Hi Tammy: Western Australian Government site has a more accurate chart of nutritional deficiency than Cornell University.

At very acidic range, nitrogen, potassium, phosphorus, calcium, magnesium, and molybdenum are deficient.

At very alkaline range, phosphorus, iron, manganese, copper and zinc are deficient.

I got my soil test via EarthCo. (google it, and you'll see). It's cheaper and more comprehensive my local county Extension. Karl Bapst recommended EarthCo. For $20, you get accurate pH, organic matter, potassium, phosphorus, calcium, magnesium level of your soil.

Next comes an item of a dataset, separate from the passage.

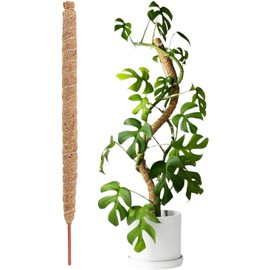 Poster De Musgo para Plantas Trepadoras, Poste De Musgo para Monstera, Tutor para Plantas Trepadoras Monstera, Palos De Musgos Flexible para Macetas, Terraza, Jardín, Patio, Trasero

My soil pH is 7.7 ... roses are pale but very healthy ... although my soil test revealed most deficient in phosphorus, then a bit deficient in potassium, and barely adequate in calcium (Never mind that I have limestone clay!).

When I topdressed my plants with horse manure with iron and trace elements, they become dark green ... just like what Kim (Roseseek) said about horse manure. I haven't gotten manure for my roses since we have constant rain.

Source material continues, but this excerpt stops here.